[Collected data entries]
╭──

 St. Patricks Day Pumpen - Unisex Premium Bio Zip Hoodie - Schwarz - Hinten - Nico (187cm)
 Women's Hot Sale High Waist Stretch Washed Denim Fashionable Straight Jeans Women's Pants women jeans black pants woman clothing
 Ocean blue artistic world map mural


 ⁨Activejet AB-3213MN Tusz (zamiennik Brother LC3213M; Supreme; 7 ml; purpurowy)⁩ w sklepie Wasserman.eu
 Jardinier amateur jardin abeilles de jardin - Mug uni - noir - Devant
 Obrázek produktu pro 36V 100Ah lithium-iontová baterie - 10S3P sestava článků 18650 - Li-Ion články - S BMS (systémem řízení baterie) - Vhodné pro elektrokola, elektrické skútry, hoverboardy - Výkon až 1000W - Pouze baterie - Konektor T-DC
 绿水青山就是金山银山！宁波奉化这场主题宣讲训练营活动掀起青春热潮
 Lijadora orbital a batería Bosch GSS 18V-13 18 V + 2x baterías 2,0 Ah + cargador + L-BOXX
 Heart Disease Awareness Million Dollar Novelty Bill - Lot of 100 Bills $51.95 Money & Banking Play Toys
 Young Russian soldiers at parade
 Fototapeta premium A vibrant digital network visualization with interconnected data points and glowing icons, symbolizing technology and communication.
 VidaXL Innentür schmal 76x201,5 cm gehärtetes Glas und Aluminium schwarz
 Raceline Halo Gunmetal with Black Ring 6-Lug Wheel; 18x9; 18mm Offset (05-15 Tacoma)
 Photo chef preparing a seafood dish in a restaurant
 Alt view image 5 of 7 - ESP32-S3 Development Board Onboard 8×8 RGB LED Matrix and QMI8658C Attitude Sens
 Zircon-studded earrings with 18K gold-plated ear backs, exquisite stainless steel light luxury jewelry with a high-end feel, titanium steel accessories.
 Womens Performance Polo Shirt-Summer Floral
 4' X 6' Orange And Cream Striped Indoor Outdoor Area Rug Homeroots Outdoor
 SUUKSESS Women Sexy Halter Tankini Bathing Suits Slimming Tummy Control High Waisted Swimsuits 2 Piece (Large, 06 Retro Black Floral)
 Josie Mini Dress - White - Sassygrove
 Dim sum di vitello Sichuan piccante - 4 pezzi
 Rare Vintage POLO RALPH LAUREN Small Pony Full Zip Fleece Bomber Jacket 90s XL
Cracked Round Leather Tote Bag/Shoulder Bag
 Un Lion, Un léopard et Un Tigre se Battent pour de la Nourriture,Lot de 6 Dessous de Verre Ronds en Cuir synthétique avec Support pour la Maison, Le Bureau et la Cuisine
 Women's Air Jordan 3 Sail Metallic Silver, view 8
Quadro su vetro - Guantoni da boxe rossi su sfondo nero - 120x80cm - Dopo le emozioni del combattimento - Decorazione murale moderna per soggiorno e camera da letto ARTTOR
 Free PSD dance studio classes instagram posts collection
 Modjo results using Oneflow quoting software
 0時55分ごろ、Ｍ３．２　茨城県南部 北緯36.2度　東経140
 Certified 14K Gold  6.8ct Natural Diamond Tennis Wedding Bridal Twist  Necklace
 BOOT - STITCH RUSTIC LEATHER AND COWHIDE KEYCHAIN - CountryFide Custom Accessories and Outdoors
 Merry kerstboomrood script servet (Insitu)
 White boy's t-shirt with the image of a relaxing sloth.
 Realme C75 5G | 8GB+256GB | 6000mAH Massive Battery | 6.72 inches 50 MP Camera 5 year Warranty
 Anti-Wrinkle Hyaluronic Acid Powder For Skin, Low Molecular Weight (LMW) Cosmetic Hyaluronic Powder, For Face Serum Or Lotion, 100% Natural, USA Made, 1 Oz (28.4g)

╰──

> EXERCISE GOAL
Where a line of the records above holds the word "image", count it; give the total as a single number and nothing else.

> REPLY TO THE TASK
2